Suppose we implement matrix multuplication using CUDA and also using Cg, which one should run faster?

I am a total n00b in Cg. Does Cg also have any features like wherein we can access the shared on chip memory like we can do in CUDA?

No, Cg (or any other graphics APIs for that matter) does not expose shared memory, writing to multiple and arbitrary locations (scatter), or reading/writing memory directly (in graphics shaders you can only read from textures, which cannot be written in the same pass, so you end up “ping-ponging” between two buffers).

CUDA should be at least as fast as Cg, in many cases it is quite faster.


I don’t think there is a fair comparison between Cg and CUDA in speed; CUDA has some very useful features for general purpose calculation, while Cg has features for graphics that you won’t find in CUDA.

For matrix multiplication I think CUDA wins hands down.

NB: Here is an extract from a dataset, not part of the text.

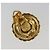 Orecchini CHANEL Metallo Tonalità Oro CC Auth BA13635 - vista 5
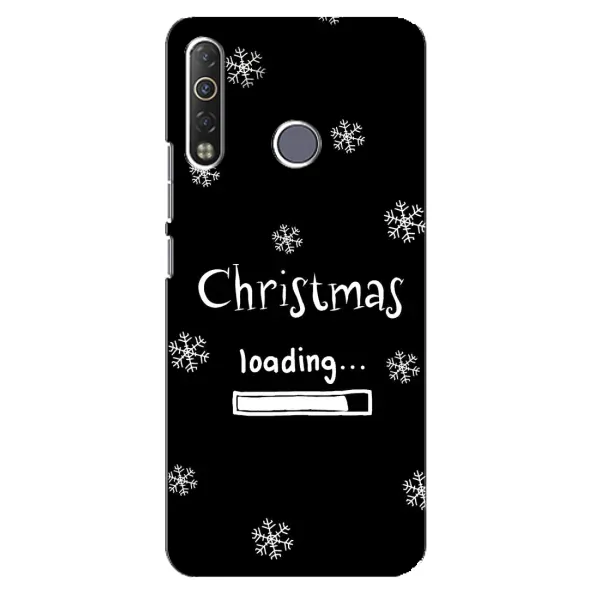 Чехол с принтом «Christmas loading» для TECNO Camon 12 Air CC6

In my experience (we implemented a finite element solver in both Cg and CUDA), if the size is small, Cg can even be a bit faster than CUDA. But from one stage, when the model becomes big enough, CUDA is up to 3 times faster. So I’d say there is no easy answer. For matrix multiplication, you can use shared memory with CUDA though, which should give you an additional advantage over Cg (which I can’t do for my solver).

If I have to choose, I’d pick CUDA. For a beginner, it’s easier to implement in CUDA than in Cg. And the next graphics cards might widen the difference as well.